**Records supplied:**

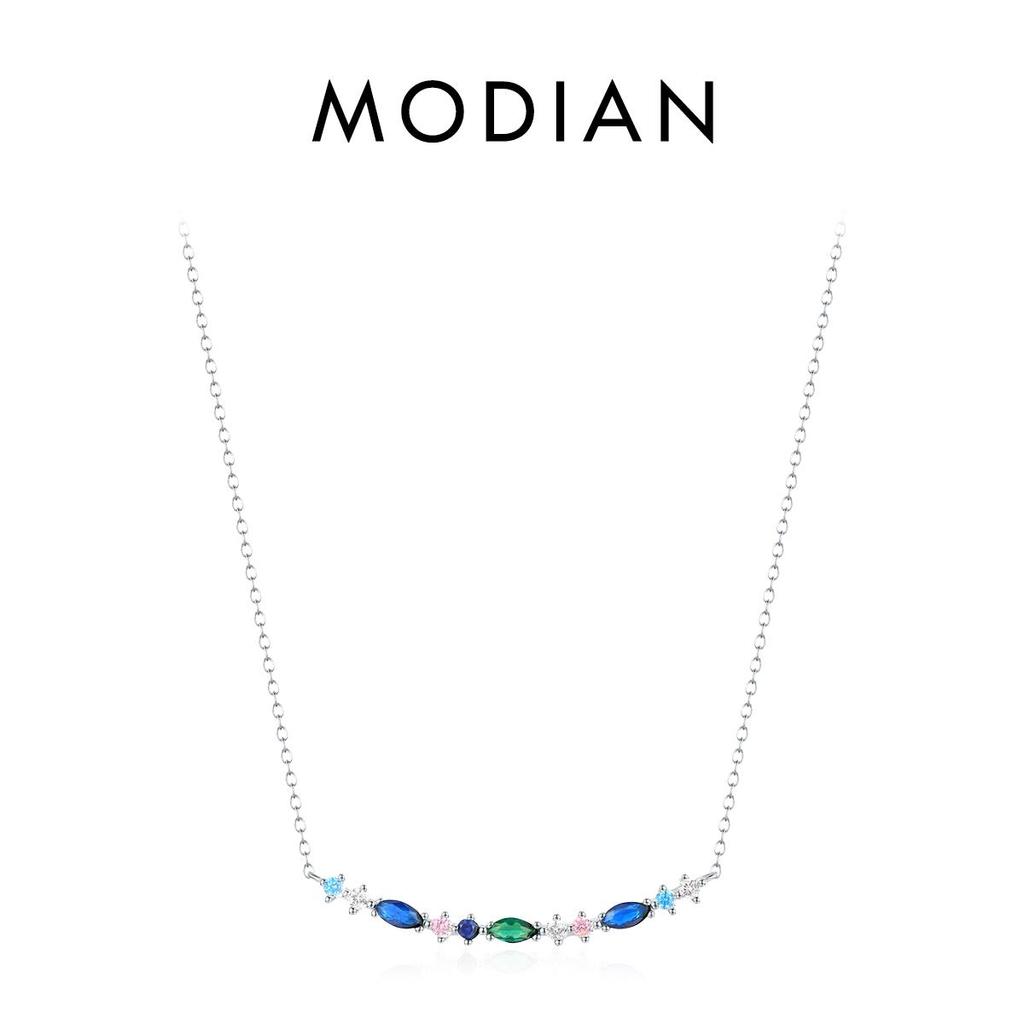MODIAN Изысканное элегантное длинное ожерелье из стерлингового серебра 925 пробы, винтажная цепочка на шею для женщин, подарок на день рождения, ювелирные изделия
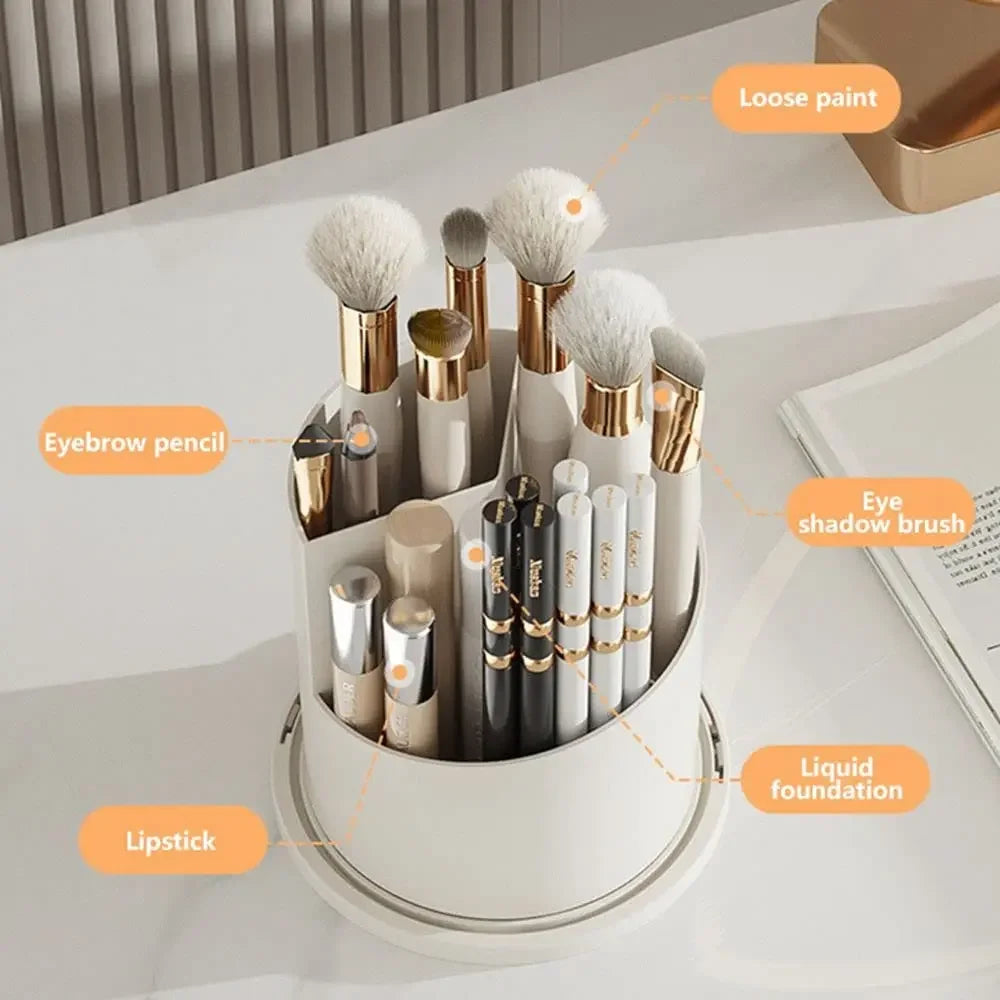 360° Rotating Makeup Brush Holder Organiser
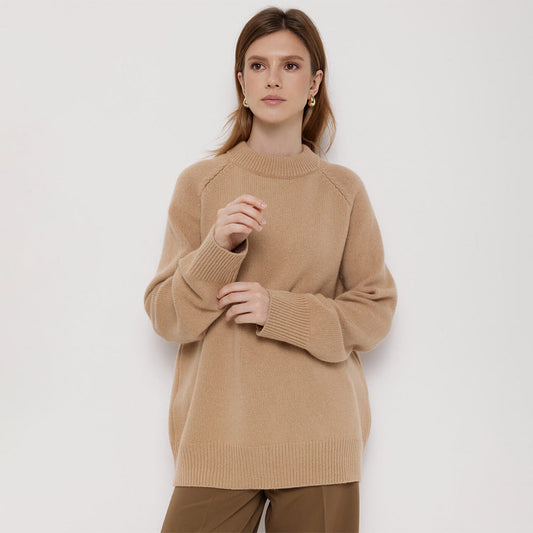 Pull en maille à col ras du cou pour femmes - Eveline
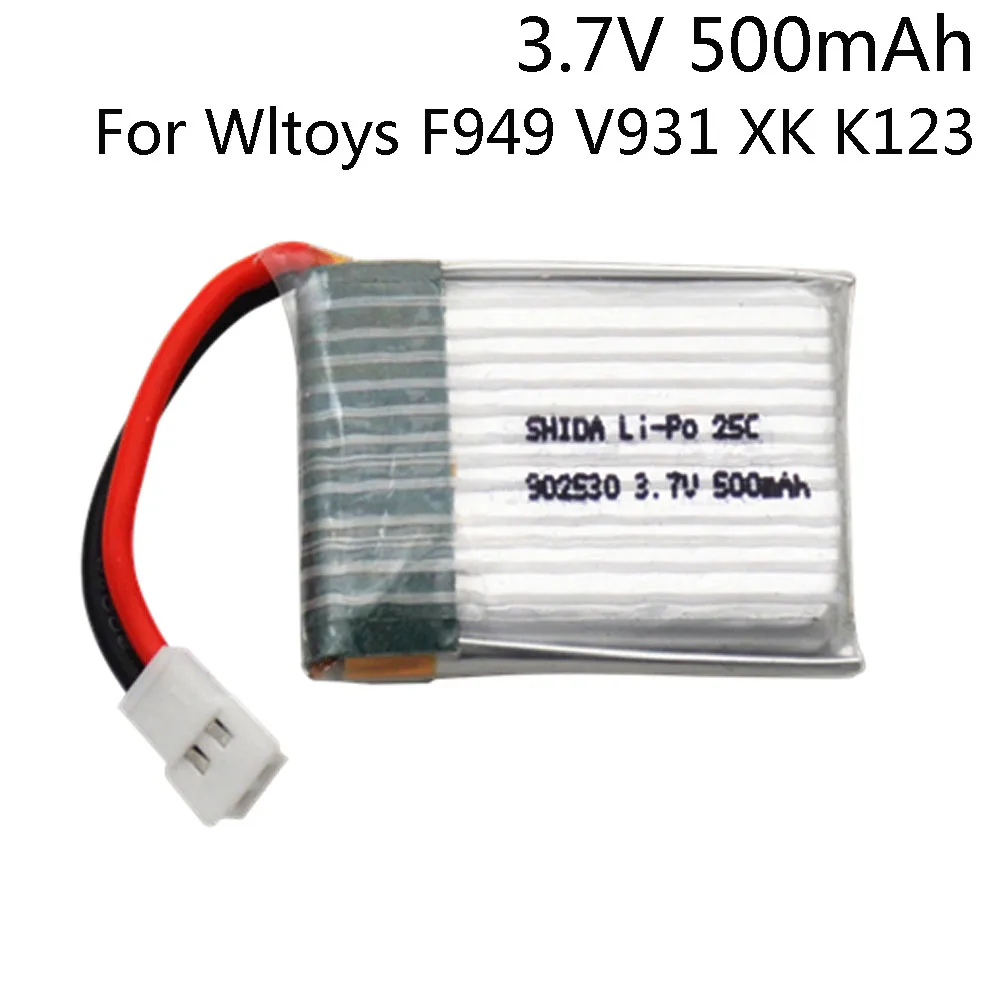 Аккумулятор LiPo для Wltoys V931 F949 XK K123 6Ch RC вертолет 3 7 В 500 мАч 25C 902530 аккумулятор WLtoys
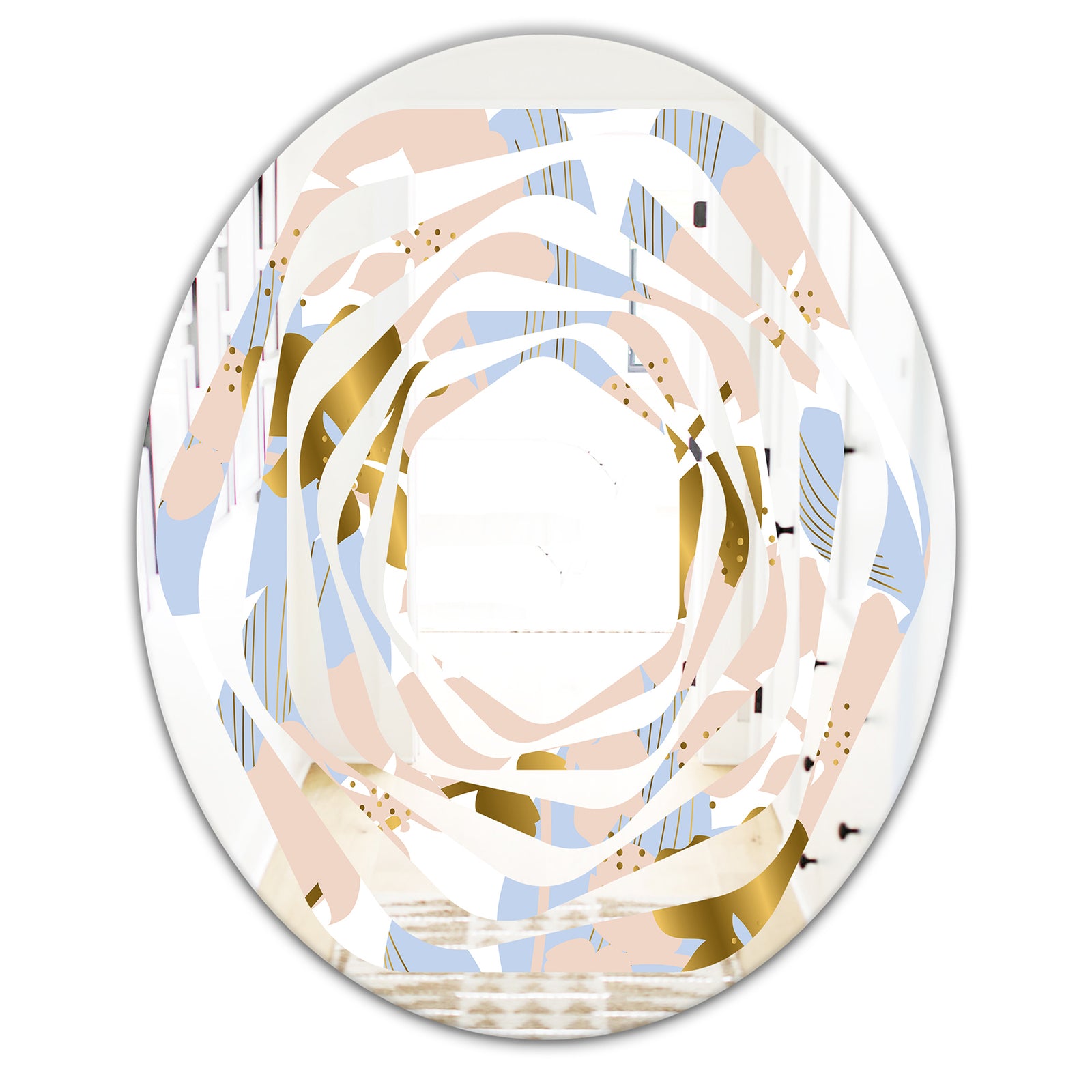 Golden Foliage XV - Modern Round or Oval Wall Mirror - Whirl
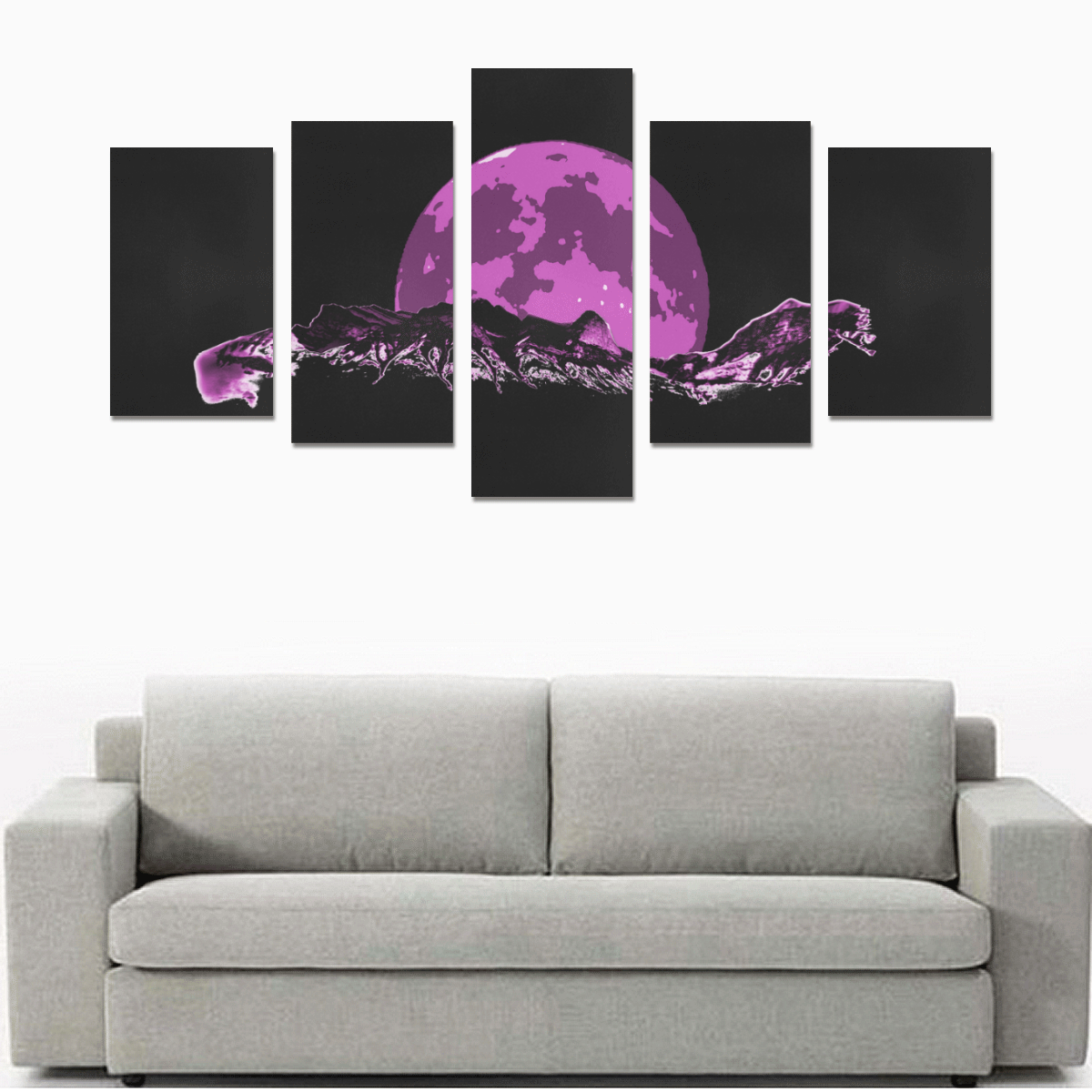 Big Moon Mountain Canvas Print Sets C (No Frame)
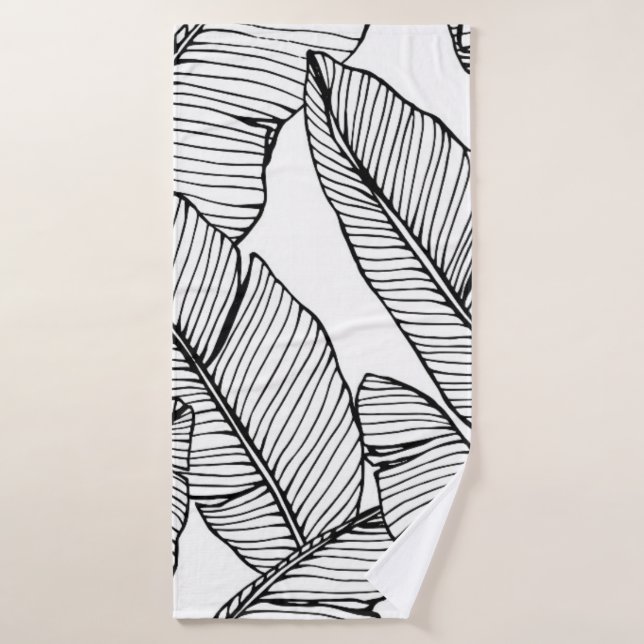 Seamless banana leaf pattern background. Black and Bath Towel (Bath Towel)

**Problem to work on:**
Would you please repeat each record exactly? Leave the pictures out.

**Exercise answer:**
MODIAN Изысканное элегантное длинное ожерелье из стерлингового серебра 925 пробы, винтажная цепочка на шею для женщин, подарок на день рождения, ювелирные изделия
 360° Rotating Makeup Brush Holder Organiser
 Pull en maille à col ras du cou pour femmes - Eveline
 Аккумулятор LiPo для Wltoys V931 F949 XK K123 6Ch RC вертолет 3 7 В 500 мАч 25C 902530 аккумулятор WLtoys
 Golden Foliage XV - Modern Round or Oval Wall Mirror - Whirl
 Big Moon Mountain Canvas Print Sets C (No Frame)
 Seamless banana leaf pattern background. Black and Bath Towel (Bath Towel)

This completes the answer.